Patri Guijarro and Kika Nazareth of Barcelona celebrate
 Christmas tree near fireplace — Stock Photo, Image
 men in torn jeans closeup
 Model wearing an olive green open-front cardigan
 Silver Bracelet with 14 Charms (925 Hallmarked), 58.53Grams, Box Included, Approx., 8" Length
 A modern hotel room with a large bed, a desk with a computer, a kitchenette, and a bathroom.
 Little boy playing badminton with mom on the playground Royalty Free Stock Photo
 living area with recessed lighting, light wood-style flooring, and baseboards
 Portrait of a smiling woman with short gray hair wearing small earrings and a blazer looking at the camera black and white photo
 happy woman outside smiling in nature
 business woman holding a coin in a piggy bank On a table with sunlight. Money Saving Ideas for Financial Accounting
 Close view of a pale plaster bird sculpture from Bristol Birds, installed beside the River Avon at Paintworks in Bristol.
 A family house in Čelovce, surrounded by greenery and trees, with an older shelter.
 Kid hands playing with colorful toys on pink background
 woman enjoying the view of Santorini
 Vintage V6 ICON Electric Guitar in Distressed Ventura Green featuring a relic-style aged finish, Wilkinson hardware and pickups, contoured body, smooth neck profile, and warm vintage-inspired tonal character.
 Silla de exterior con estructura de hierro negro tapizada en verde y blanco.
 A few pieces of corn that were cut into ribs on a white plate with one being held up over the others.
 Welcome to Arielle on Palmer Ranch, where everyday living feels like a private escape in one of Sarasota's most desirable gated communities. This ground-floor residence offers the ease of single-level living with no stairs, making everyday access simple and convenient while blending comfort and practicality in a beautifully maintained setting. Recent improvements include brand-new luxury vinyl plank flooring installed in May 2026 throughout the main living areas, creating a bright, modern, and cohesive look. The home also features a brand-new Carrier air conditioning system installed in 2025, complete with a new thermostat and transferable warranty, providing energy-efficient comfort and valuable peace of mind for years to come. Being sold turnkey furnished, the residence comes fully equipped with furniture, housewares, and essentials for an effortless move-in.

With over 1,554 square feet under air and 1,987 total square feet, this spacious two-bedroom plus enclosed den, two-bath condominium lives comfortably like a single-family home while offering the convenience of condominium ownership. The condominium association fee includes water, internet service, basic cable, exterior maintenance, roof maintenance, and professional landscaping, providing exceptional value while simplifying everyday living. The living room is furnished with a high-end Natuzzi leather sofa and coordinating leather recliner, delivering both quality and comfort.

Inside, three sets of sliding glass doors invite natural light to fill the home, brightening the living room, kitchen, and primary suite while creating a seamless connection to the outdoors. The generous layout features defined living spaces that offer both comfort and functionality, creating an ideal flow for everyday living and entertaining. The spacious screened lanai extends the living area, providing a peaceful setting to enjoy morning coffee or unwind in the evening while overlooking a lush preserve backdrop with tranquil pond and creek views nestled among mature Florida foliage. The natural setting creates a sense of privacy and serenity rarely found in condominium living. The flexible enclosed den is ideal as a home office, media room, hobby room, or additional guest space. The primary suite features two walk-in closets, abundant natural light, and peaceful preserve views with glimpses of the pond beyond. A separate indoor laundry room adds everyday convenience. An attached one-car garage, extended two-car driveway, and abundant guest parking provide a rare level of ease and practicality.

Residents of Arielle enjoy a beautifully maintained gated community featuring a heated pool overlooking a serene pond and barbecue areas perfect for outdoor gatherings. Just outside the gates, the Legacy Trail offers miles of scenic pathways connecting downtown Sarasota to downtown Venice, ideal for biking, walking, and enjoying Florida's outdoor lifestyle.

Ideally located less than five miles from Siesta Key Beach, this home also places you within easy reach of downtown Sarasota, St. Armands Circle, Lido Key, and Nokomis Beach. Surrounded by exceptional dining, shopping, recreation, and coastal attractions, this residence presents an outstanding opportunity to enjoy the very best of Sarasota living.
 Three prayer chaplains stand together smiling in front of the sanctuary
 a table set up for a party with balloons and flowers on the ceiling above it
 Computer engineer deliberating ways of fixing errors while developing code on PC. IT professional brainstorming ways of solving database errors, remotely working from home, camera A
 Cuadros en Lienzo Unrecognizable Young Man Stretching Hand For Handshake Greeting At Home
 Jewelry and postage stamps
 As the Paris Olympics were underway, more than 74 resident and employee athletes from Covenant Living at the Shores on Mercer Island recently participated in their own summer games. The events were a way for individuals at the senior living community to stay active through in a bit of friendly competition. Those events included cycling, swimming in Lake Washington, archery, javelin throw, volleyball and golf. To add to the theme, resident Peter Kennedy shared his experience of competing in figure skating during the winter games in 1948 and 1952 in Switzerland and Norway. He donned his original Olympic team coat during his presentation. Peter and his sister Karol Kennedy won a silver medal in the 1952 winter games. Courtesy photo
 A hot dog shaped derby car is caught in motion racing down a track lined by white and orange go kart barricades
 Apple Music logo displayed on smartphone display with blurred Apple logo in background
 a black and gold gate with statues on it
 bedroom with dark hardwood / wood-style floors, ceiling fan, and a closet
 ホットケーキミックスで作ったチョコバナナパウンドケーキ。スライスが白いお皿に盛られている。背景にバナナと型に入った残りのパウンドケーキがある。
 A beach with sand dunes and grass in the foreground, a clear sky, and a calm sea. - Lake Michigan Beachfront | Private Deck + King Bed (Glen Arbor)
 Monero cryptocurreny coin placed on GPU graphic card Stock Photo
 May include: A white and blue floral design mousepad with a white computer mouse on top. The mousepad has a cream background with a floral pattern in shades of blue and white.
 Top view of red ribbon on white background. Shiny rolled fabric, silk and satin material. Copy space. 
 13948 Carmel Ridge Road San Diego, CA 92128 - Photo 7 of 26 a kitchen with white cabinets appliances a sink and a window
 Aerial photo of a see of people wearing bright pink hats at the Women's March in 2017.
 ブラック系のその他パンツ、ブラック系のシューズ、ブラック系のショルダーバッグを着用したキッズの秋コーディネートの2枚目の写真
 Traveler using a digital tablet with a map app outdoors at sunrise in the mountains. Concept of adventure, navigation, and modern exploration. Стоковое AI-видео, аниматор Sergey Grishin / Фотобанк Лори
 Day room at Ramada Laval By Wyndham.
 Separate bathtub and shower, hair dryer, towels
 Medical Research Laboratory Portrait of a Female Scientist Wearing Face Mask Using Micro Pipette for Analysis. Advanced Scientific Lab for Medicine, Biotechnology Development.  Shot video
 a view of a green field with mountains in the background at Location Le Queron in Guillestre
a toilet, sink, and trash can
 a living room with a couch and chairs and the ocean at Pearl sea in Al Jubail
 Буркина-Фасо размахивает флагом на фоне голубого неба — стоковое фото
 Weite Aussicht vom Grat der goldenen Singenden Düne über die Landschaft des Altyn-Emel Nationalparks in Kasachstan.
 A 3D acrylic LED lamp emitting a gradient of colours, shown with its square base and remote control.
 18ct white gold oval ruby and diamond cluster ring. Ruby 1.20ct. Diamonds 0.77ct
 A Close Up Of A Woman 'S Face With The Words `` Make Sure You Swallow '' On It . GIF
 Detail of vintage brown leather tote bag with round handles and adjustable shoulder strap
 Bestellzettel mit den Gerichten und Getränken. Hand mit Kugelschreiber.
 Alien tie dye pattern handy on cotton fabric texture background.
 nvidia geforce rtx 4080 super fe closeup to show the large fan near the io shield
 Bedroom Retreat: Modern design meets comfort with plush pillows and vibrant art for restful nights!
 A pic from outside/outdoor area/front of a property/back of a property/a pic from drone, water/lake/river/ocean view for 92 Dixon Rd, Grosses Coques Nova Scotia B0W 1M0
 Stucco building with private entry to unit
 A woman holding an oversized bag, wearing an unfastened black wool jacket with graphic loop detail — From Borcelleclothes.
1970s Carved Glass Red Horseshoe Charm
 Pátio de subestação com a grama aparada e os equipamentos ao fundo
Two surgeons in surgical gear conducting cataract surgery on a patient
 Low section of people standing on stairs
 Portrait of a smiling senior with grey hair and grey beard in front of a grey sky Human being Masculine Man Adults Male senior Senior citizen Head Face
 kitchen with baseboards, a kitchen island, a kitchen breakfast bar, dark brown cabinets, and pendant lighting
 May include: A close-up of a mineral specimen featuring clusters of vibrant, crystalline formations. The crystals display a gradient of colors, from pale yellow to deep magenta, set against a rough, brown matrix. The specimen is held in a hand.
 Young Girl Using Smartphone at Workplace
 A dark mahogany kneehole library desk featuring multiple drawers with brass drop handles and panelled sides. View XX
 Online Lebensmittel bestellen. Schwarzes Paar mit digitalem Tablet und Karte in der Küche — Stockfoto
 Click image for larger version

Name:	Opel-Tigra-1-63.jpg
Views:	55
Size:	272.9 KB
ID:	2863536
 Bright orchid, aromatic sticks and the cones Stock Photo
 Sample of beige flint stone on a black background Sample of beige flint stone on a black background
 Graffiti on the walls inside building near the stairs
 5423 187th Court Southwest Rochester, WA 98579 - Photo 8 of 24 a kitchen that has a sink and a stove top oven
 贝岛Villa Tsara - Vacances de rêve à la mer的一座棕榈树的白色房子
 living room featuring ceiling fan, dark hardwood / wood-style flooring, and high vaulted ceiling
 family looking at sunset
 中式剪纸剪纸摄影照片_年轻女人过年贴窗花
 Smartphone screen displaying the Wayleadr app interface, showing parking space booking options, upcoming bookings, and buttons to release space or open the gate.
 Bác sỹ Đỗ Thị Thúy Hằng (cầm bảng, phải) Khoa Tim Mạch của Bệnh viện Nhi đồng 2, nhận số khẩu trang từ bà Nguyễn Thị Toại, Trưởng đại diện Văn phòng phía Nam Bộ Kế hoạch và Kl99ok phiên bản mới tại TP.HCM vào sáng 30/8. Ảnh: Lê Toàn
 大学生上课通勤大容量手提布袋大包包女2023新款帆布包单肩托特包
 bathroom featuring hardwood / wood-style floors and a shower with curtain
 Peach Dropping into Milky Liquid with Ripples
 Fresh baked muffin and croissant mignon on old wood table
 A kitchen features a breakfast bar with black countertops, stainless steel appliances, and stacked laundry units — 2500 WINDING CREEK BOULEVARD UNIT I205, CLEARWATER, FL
* * *
### WHAT TO PRODUCE
From the data above, copy each line with the string "outside" in it.

### SOLVED PROBLEM
 happy woman outside smiling in nature
Residents of Arielle enjoy a beautifully maintained gated community featuring a heated pool overlooking a serene pond and barbecue areas perfect for outdoor gatherings. Just outside the gates, the Legacy Trail offers miles of scenic pathways connecting downtown Sarasota to downtown Venice, ideal for biking, walking, and enjoying Florida's outdoor lifestyle.
 A pic from outside/outdoor area/front of a property/back of a property/a pic from drone, water/lake/river/ocean view for 92 Dixon Rd, Grosses Coques Nova Scotia B0W 1M0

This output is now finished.